▶ [Records for this task]
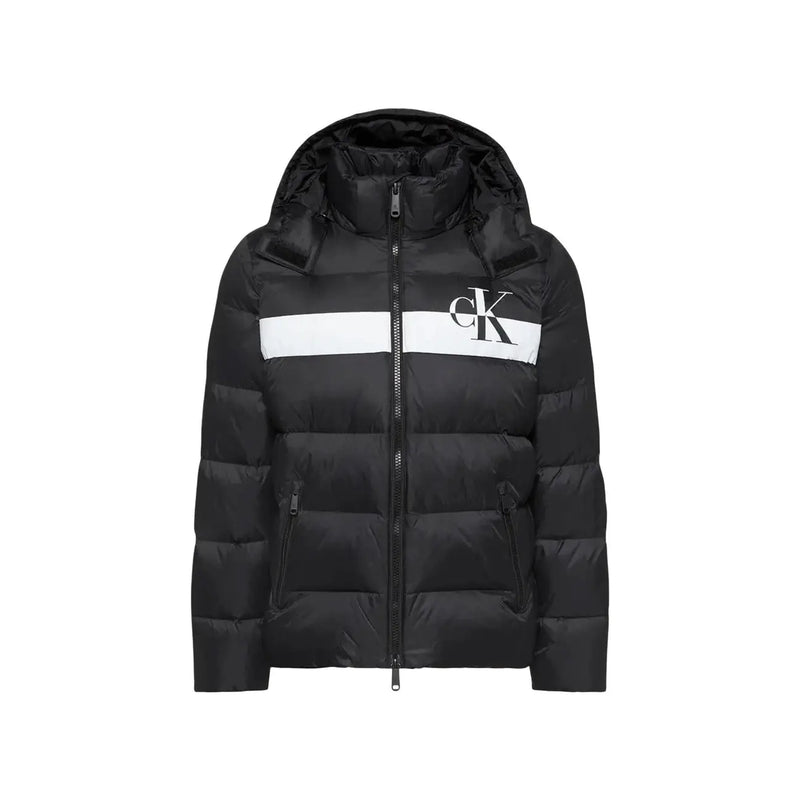 Calvin Klein Jeans puffer jacket for men in black with white chest stripe and ck logo, front view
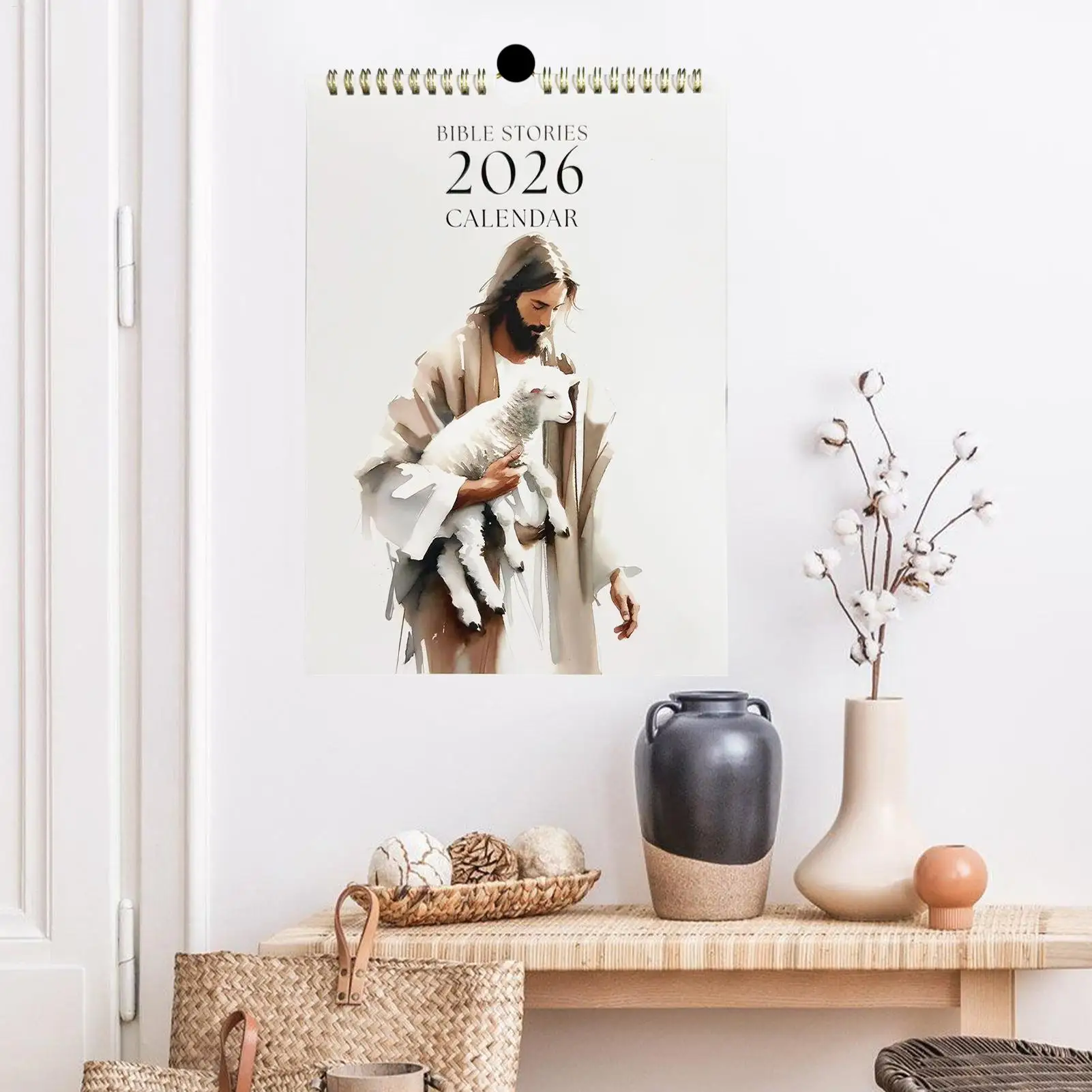 벽 달력 2026 기독교 달력 매일 계획을위한 교수형 플래너 벽 장식 홈 직장 교실 기숙사 가족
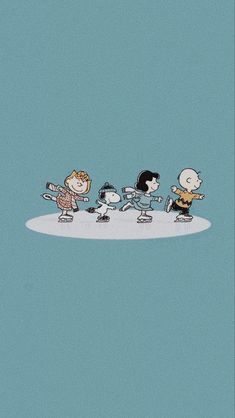 peanuts playing baseball on an ice floet with other cartoon characters in the background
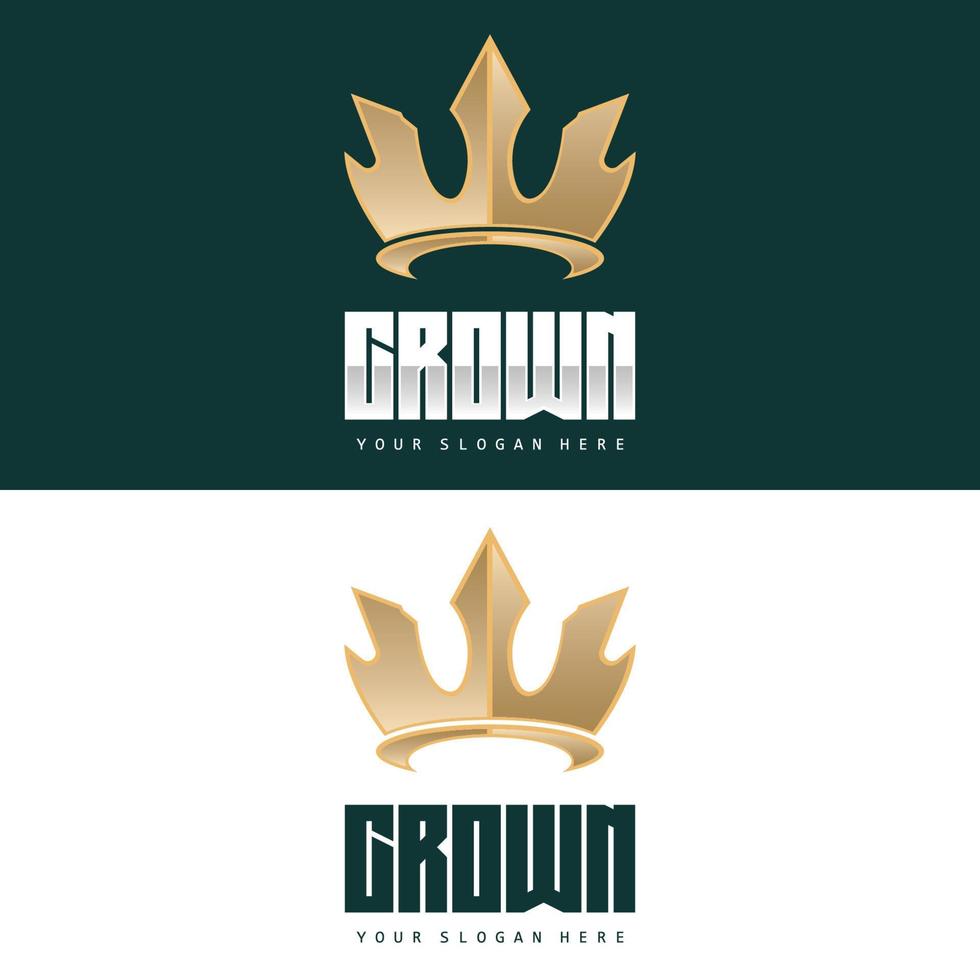 logotipo de la corona, diseño de iconos de rey y reina, vector elegante, simple, ilustración de plantilla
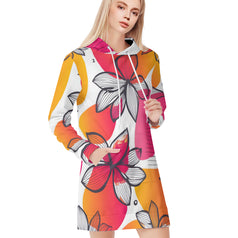 Floral Shapes Women Long Sleeve Casual Hoodie Sweatshirt Dress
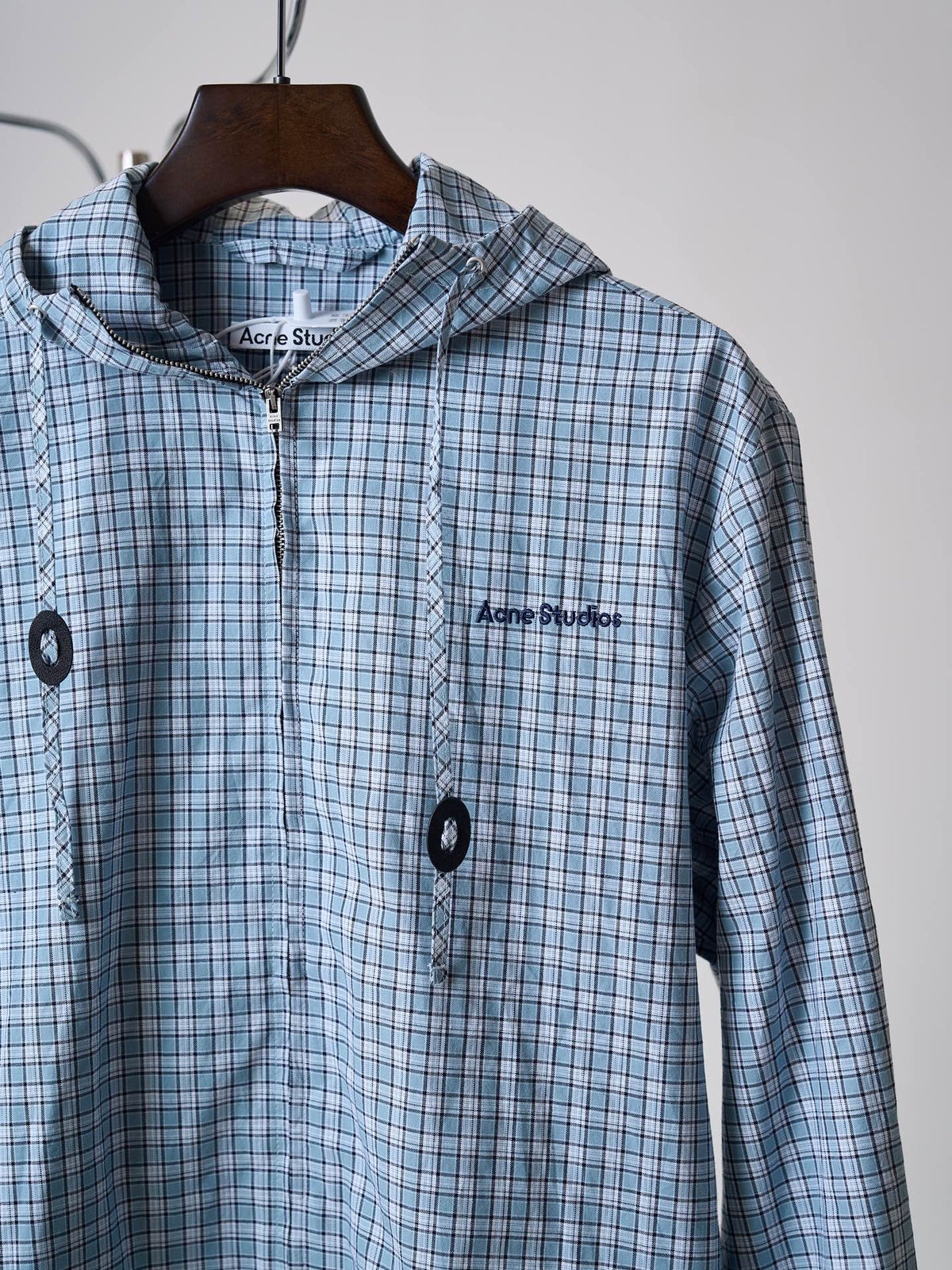 Acne Studios Blue Gingham Zip‑Up Hooded Jacket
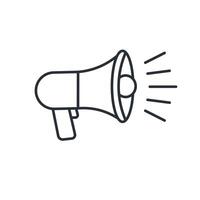 Speaker line icon. Megaphone Loudspeaker icon. vector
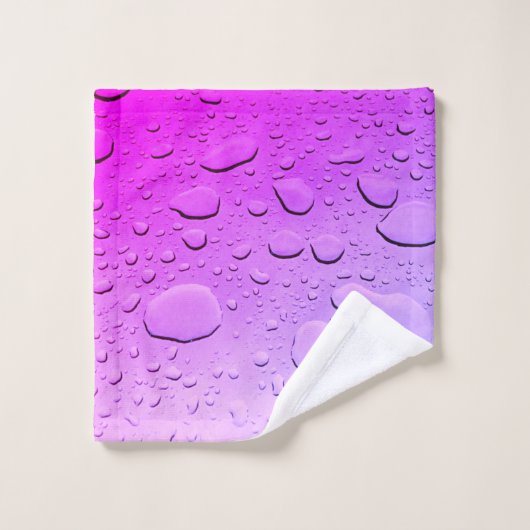 Paars Violet Water Daling Abstract Naam Bad Handdoek (Wasdoekje)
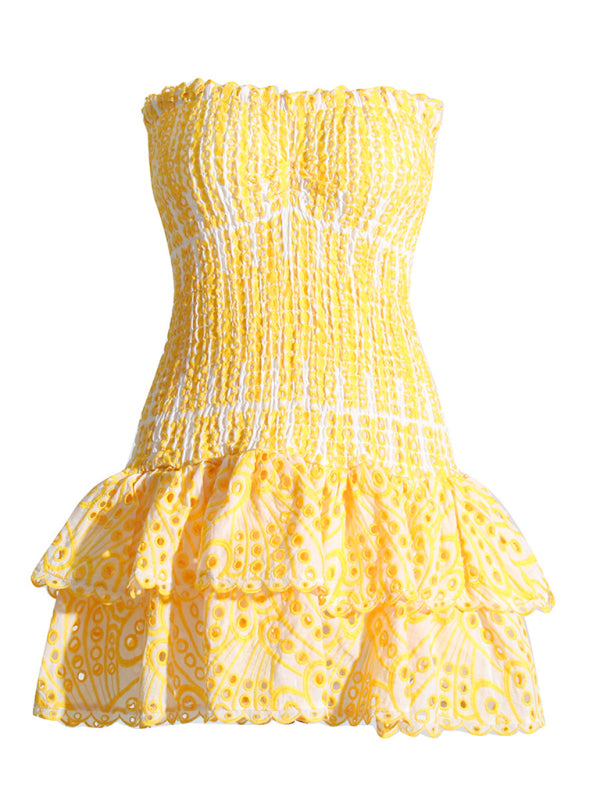 Strapless Slim Ruffle-Hem Embroidered Mini Dress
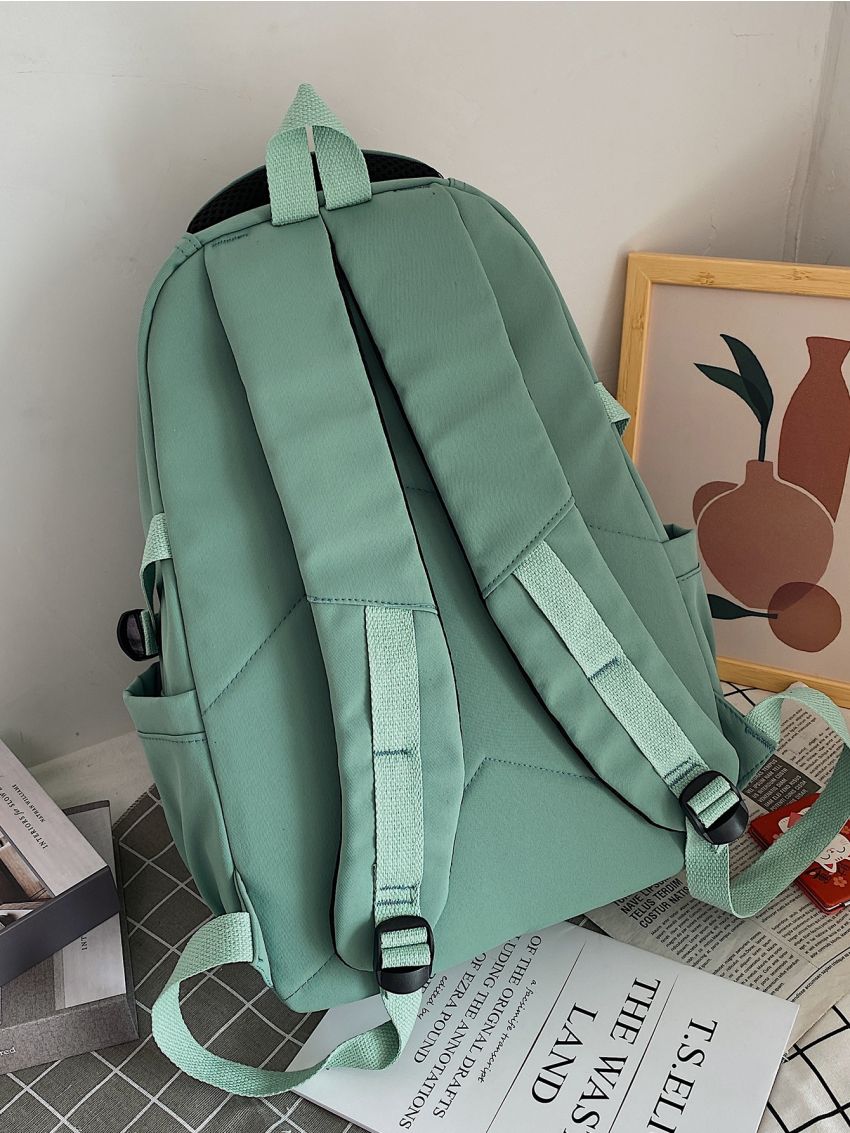 Minimalist Letter Patch Pocket Front Backpack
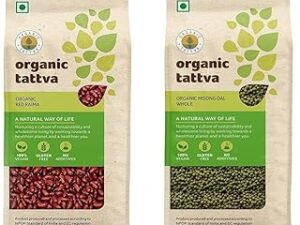 Organic Tattva, Organic Red Rajma (Red Kidney Beans) 500 Gram | Gluten Free and Unpolished & Organic Tattva Moong Dal Whole, 500g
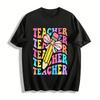 Gepunktetes Lehrer-Bleistift-Print Lässiges Oberteil Für Pädagogen Reines Baumwoll-T-Shirt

▶ [Assignment]
Could you write out verbatim only those lines that run from the line containing "Strapless Slim Ruffle-Hem" through the end of the listing above, both included, without the pictures?

▶ [Reply]
 Strapless Slim Ruffle-Hem Embroidered Mini Dress
 Minimalist Letter Patch Pocket Front Backpack
 Organic Tattva, Organic Red Rajma (Red Kidney Beans) 500 Gram | Gluten Free and Unpolished & Organic Tattva Moong Dal Whole, 500g
 Gepunktetes Lehrer-Bleistift-Print Lässiges Oberteil Für Pädagogen Reines Baumwoll-T-Shirt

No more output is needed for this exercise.